Hello, KJP and everyone. If this doesn't look like potential, I don't know what does.
Here's a link: http://www.freetimes.com/story/4256
Landmark Choice
Beck Center Has Chosen a City. Now the Next Debate Can Begin.
By Michael Gill
Bob Dobush lives at the theater, and not in any metaphorical sense. The collector and restorer of antique radios keeps an apartment above the long-vacant Hilliard Square theater in Lakewood. He bought the landmark in 1998 to save it from the wrecking ball.
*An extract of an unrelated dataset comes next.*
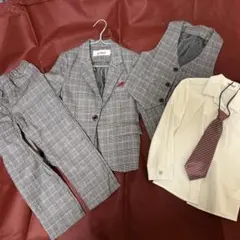 zz-luxi チェック柄フォーマルスーツセット　100サイズ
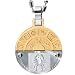 Embossed Zodiac Sign Silver and Gold Tone Round Stainless Steel Pendant Necklace - Cancer 20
Behind the theater's Hilliard Avenue door stands the decaying glory of a bygone era, an ornate lobby and staircase. To the right you can see light at the end of a tunnel — a retail arcade that stretches through the building, all the way to Madison Avenue. These days the spaces are stacked with boxes of old radios and spare parts. Broken cakes of fallen plaster dot the carpet. Inside the auditorium the eyes can't help but be drawn up into the expanse — past the frescoes, past a balcony to a vaulted ceiling, and an endless gallery of architectural details. Depending on your age, you might remember time- warping while the Rocky Horror Picture Show played on the screen, or maybe porno, or art flicks, or, if you can remember more than three decades ago, mainstream movies.
These days, like the nearby Variety theater on Lorain, or the LaSalle on East 185th, and so many others in and around Cleveland, the Hilliard sits empty in magnificent decay, defying entrepreneurs and dreamers to figure out a way to use it. Right after Dobush bought the Hilliard, he turned down a purchase offer from one of the drugstore chains — the new owner would have razed the building. Dobush wants to find a buyer who will see it for the architectural landmark it is, and preserve it. Now opportunity is near the door, but whether it knocks will depend on a few local decision makers getting together with the same vision.
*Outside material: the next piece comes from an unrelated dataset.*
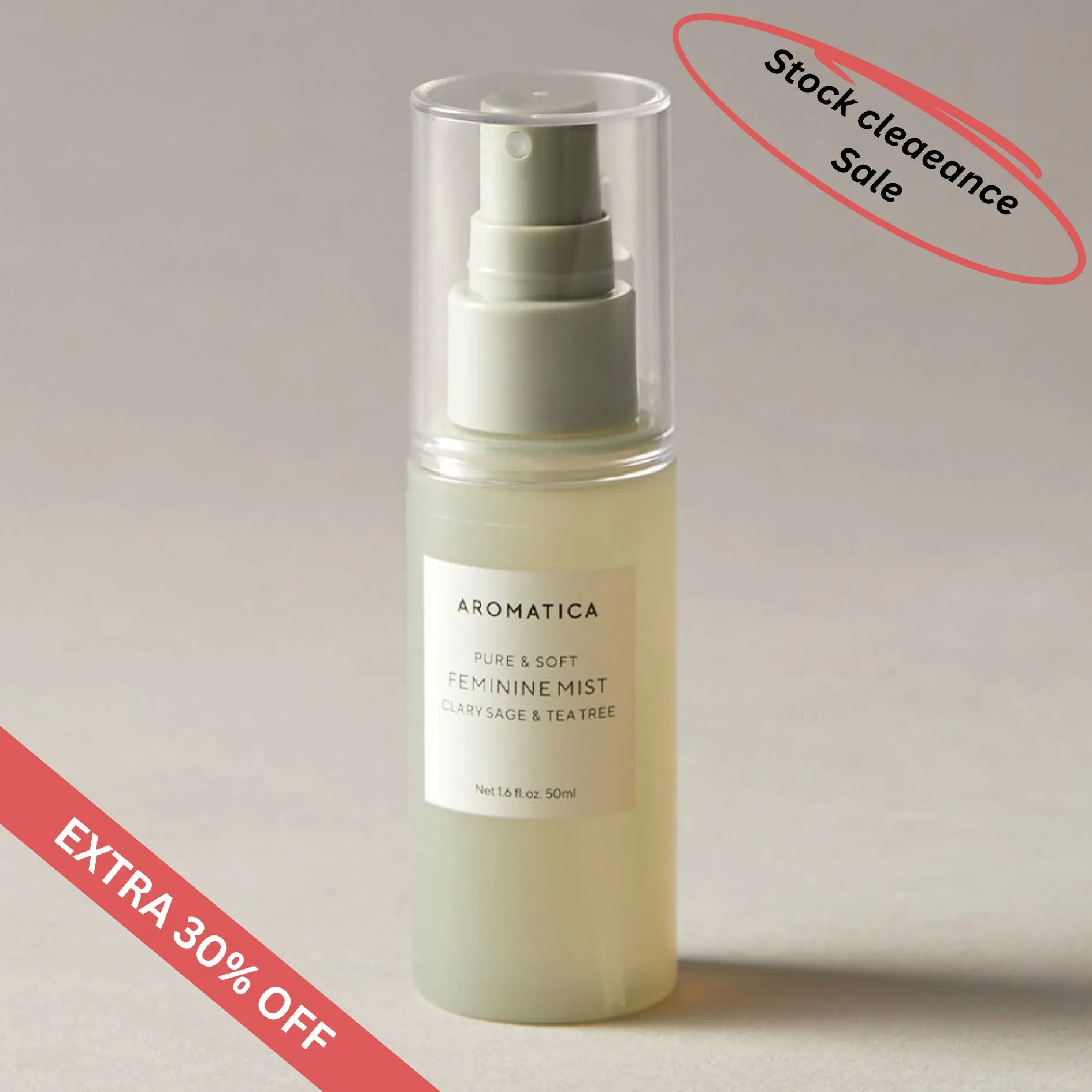 *** SALE *** AROMATICA Pure & Soft Feminine Mist Clary Sage & Tea Tree 50ml *** EXP ON 2025-10-03 ***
First among them are the trustees at Beck Center for the Arts. Their announcement last week that the organization —courted by Crocker Park developer Bob Stark — will stay and build new facilities somewhere in Lakewood came as great news for the city. It's also probably one of the best chances Northeast Ohio will ever have to rescue an old theater and return it to active use — not just to patch it up and open the doors, but to restore it, fill it with creative activity, and make it the neighborhood anchor that it once was.